Twitter is still relatively new to me and I’m constantly looking for ways to make its use more relevant rather than just another tool I have to learn so I “keep up”. I believe this list will certainly help me find authentic ways to engage with users via Twitter. However, behind the Great Fire Wall, and with primary teachers as my main audience, I will still have to tweak these pointers.

 http://www.libraryjournal.com/article/CA6663770.html?nid=3302

 

20 Ways for Librarians To Use Twitter

Ask for Help

1. Ask for recommended books, products, or services.

2. Ask for help or advice about a topic of professional interest.

Be Helpful

3. Recommend a book, product, or service other librarians would be interested in.

4. Write a book list one tweet at a time, or link to a book list on the web.

5. Tweet about a useful resource on the web, a particular blog post, video, or web site.

6. Provide a daily tip like a word of the day, book of the day, random trivia, useful fact, or helpful resource.

7. Share new studies of interest to other professionals.

8. Celebrate timely events. Recognize author birthdays, Banned Books Week, and other events that affect your patrons.

Promote Yourself

9. Tweet about your library’s web site, blog, and/or podcast. Add a new tweet to let your followers know when you make updates.

10. Link to a book trailer or video booktalk you create.

11. Start a Twitter book club, and tweet your reactions to the book as you read.

12. Invite followers to an event (online or offline).
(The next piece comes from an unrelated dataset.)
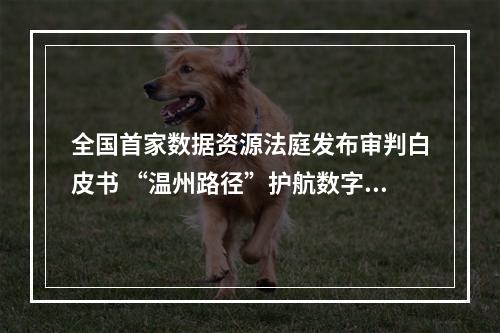 全国首家数据资源法庭发布审判白皮书 “温州路径”护航数字经济健康发展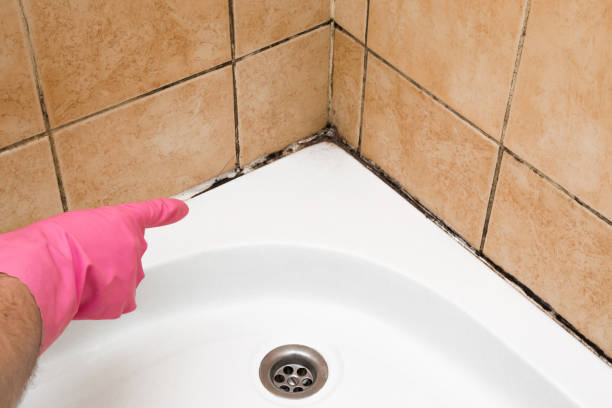 Best Commercial Mold Removal  in Canadian, TX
Events can include library programs, book signings, talks, meetings, your online book club, webchat, etc.

13. Link to photos of your library and events.

Make Connections

14. Retweet someone else’s post that you found interesting.
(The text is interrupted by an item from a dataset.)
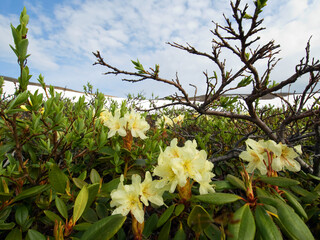 Golden Rhododendron 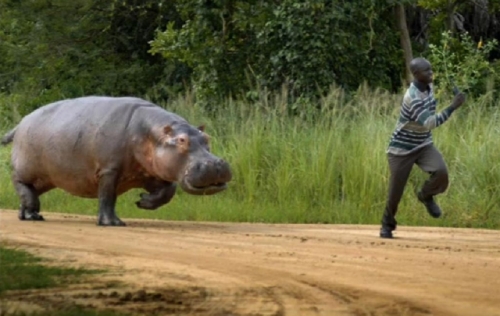 prevent-safeguard-and-escape-from-hippopotamus-attack1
15. Say thanks when someone retweets you or mentions you in their tweets.

16. Participate in #FollowFriday by recommending others people might want to follow.
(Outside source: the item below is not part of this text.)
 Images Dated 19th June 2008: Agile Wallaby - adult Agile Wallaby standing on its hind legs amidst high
17. Answer someone else’s general question, and reply to those who ask you a direct question @your_Library.

18. Schedule to meet fellow librarians at a conference, or organize a professional tweet-up in your area.

19. Make a personal connection with other librarians by sharing your favorite new book, video of the day, quote of the day, blog post, etc.

20. Ask others for their favorite posts, and reply with comments on their picks.

A former school librarian, Sonja Cole is the host of Bookwink.com, a video booktalk web site for kids. You can follow her on Twitter @bookwink

 

INF506 Module 2: Web 2.0 technologies and social software December 23, 2011

Microblogging – which came first, Twitter or FB’s status updates? Surely they are based on the same premise: a snapshot into someone’s life.

Still finding it a strange concept – wanting to know everyone’s thoughts as soon as it hits them (ie: Twitter). I follow a few people now that I need to for our course. Not convinced it’s that awesome. Yet. I’m open to gaining a new addiction!

“With internet access restricted by many repressive regimes, social media sites can offer a voice and a connection to the outside world for those affected by political conflict.”

Mmm, given the censorship and control the Chinese government are using to control worldwide SN – and the introduction of local SN, the above comment is certainly interesting. I wonder if the local SN sites here are able to be used to move the masses, aka the Jasmine Revolution, or is there just as much control as is used on worldwide SN?

Tutor question
What value does a user-generated folksonomy offer in comparison with a taxonomy designed by information professionals?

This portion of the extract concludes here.